[RECORDS FOR PROCESSING Boundary: Start]
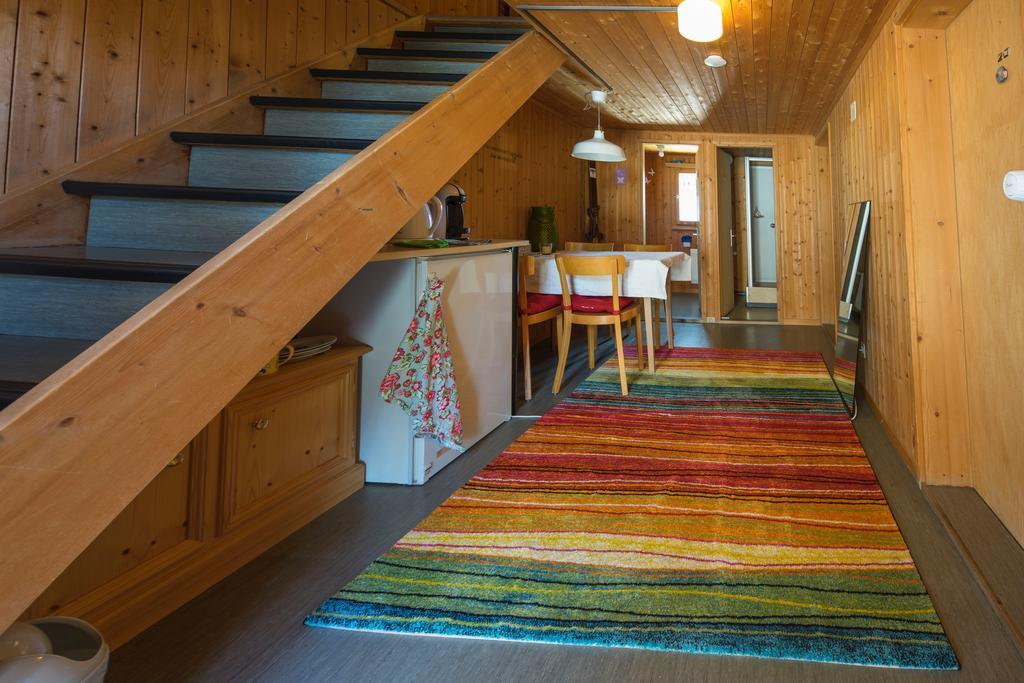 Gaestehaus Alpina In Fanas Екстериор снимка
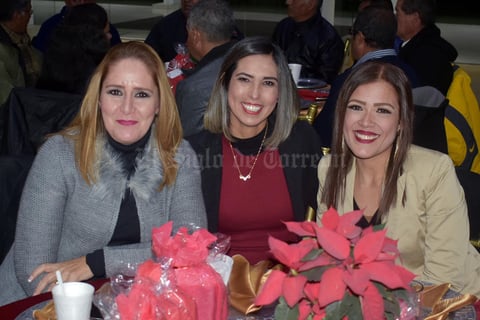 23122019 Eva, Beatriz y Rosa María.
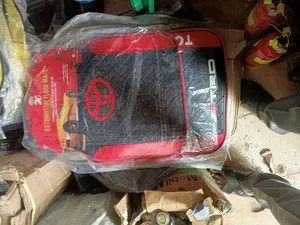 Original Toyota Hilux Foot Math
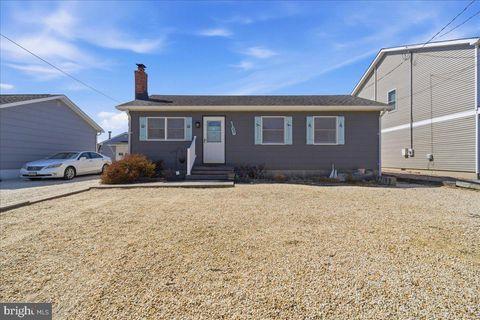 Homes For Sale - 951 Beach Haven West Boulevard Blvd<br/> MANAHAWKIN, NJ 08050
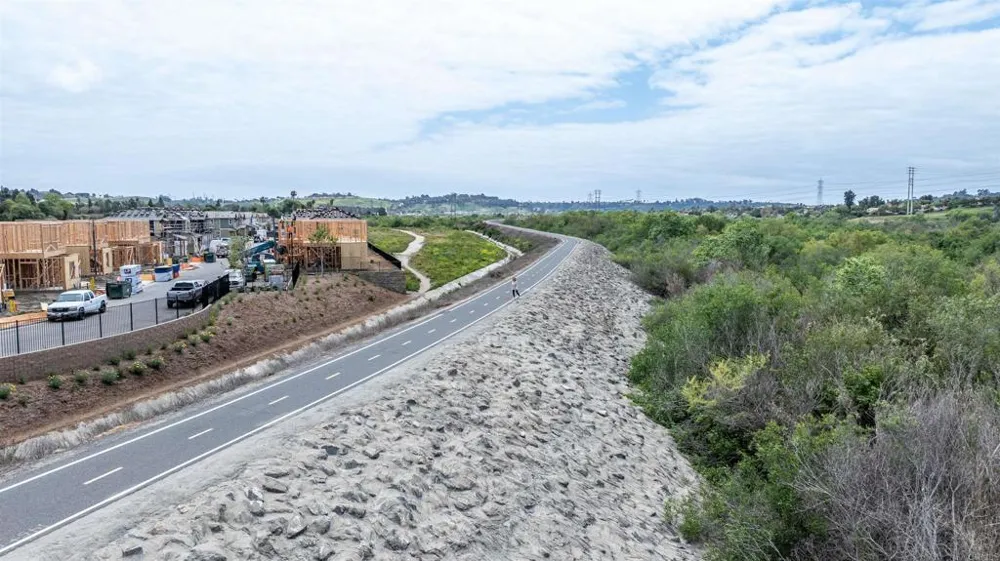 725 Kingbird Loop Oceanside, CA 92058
[RECORDS FOR PROCESSING Boundary: End]
- **TO DO**
Would you copy each line above exactly as given, dropping any images?

- **WORKED SOLUTION**
 Gaestehaus Alpina In Fanas Екстериор снимка
 23122019 Eva, Beatriz y Rosa María.
 Original Toyota Hilux Foot Math
 Homes For Sale - 951 Beach Haven West Boulevard Blvd<br/> MANAHAWKIN, NJ 08050
 725 Kingbird Loop Oceanside, CA 92058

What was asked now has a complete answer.